Joseph Henson is a researcher at the Centre for Social Justice and author of Restoring the Balance and Maxed Out.
British households now hold £1.4 trillion in personal debt, a record high.
But while this is worrying there is another similar, albeit much smaller, number that is far more shocking. There are 1.4 million people who do not have a bank account, equivalent to one in every 36 adults.
These people are some of the poorest in society, whose everyday lives are harder and more expensive as a result. But they represent only the tip of a much wider problem that is driving debt and poverty in Britain.
People who struggle with problem debt suffer in ways that cannot be represented in monetary terms. Stress impacts on mental health, family relationships, performance at work and can result in addiction to drugs or alcohol. One-in -our debt advice clients see their family destroyed by their debt, and one-in-three contemplate or attempt suicide to escape the despair.
The market for financial services – everyday banking, access to credit and insurance to protect home and family – is broken, and fails to meet the most basic needs of around nine million people, or one in every six adults. This includes those without accounts, those who choose not to use one and the 6.6 million people who end up worse off because of crippling penalty fees and overdraft charges.

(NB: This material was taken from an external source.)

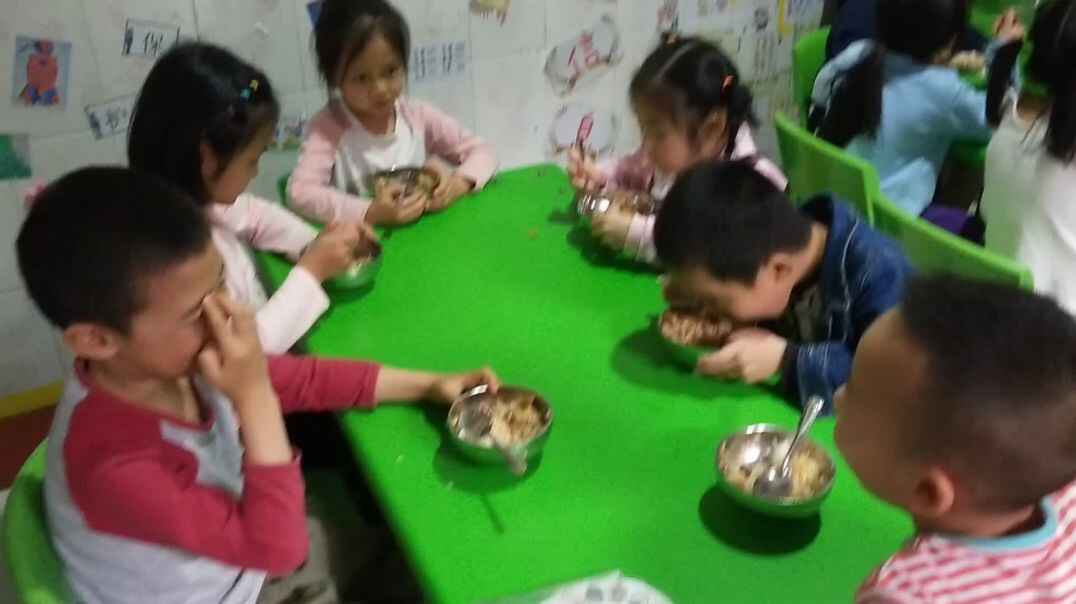 吃饭饭（1）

While politicians and the media have focussed on capping interest rates for payday lenders, they have missed the social injustice and complete market failure that means five out of six people pay almost nothing for banking and borrowing, while the poorest people struggle everyday to use these services without falling into debt. This is primarily the result of a lack of competition for banking that offers world-class financial services for mere pennies, but charges a small fortune to the poorest if they need to borrow £100 for a few days or accidently miss a bill payment.
Today the CSJ released Restoring the Balance, which contains a raft of radical reforms to fix this market and ensure low-income households have access to affordable and innovative financial services designed for them, rather than assigned to them as an afterthought. These reforms will make more of an impact and help to decrease problem debt in a way that the FCA’s interest rate cap for payday lenders never can.

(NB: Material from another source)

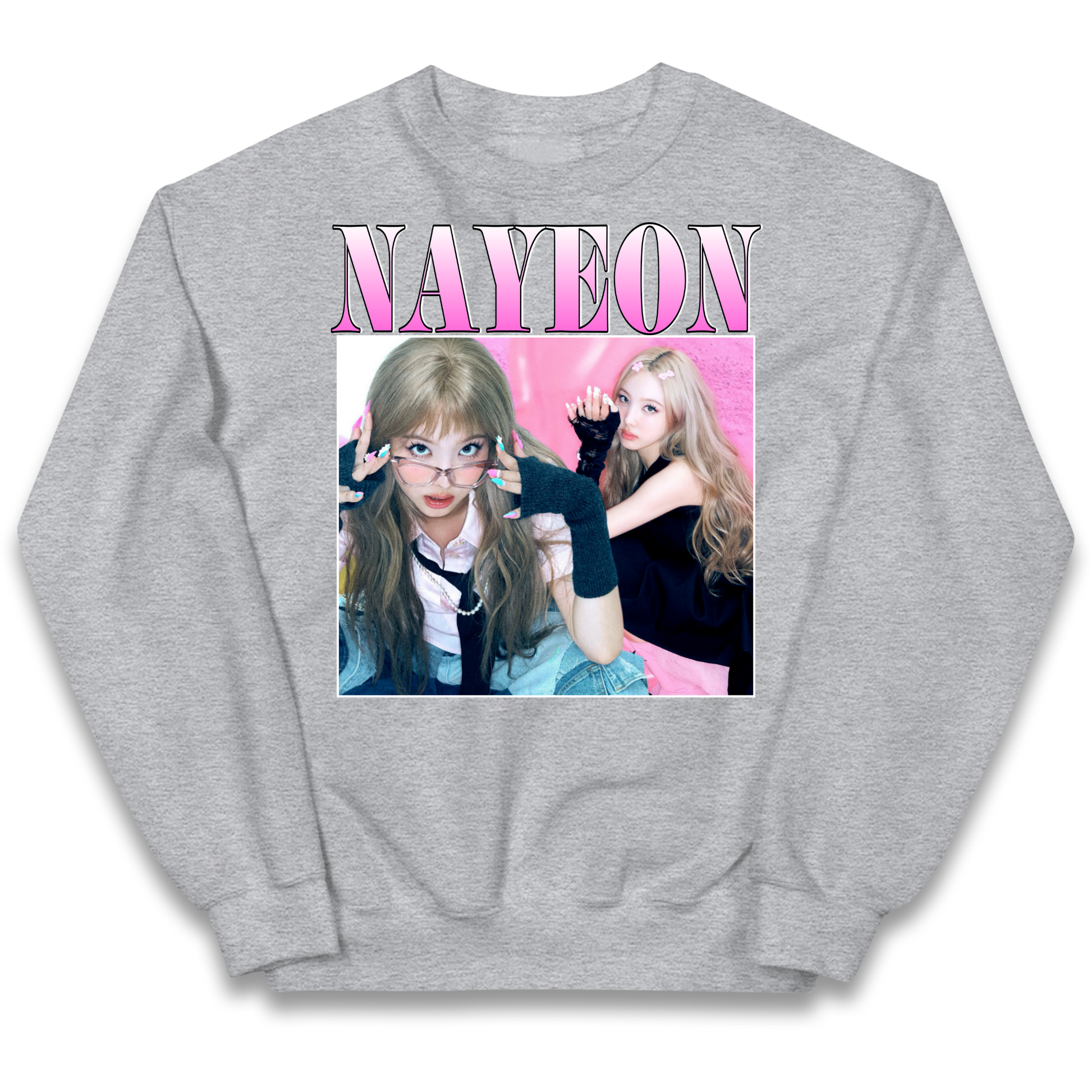 Nayeon kids sweatshirt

The mere creation of an interest rate cap is an admission that the market is broken – something supported by the Competition Markets Authority – where providers have so little competition they can charge 5,000 per cent APR to vulnerable customers. Indeed an estimated 2 million people use high cost credit because no bank, building society or credit card provider will give them money.
We propose a new vision for social finance in the UK, where a range of ethical lenders will compete to serve the people the banks have left behind. Our reforms will help create a nationwide network of Community Banks – a new type of credit union free from regulatory restrictions on membership, interest rates and investments – that can exist without government subsidy and offer low-income households a true alternative to high-street banks and payday lenders. We have identified 12 larger credit unions with excellent leadership and that have the financial stability to thrive under these new regulations. This would just be the tip of the iceberg.
Other recommendations will remove the barriers that currently prevent a new generation of ethical for-profit “digital banks” from entering the market and offering cutting edge financial products to help people save and manage their money.
While no one proposal is a magic bullet, taken together these reforms can alleviate the debt and suffering for the nine million people the market ignores.
More competition is necessary, but it has to be a radically different type of competition. Simply imposing an interest rate cap or creating new “challenger banks” from the ashes of the Government bailouts will never achieve this goal.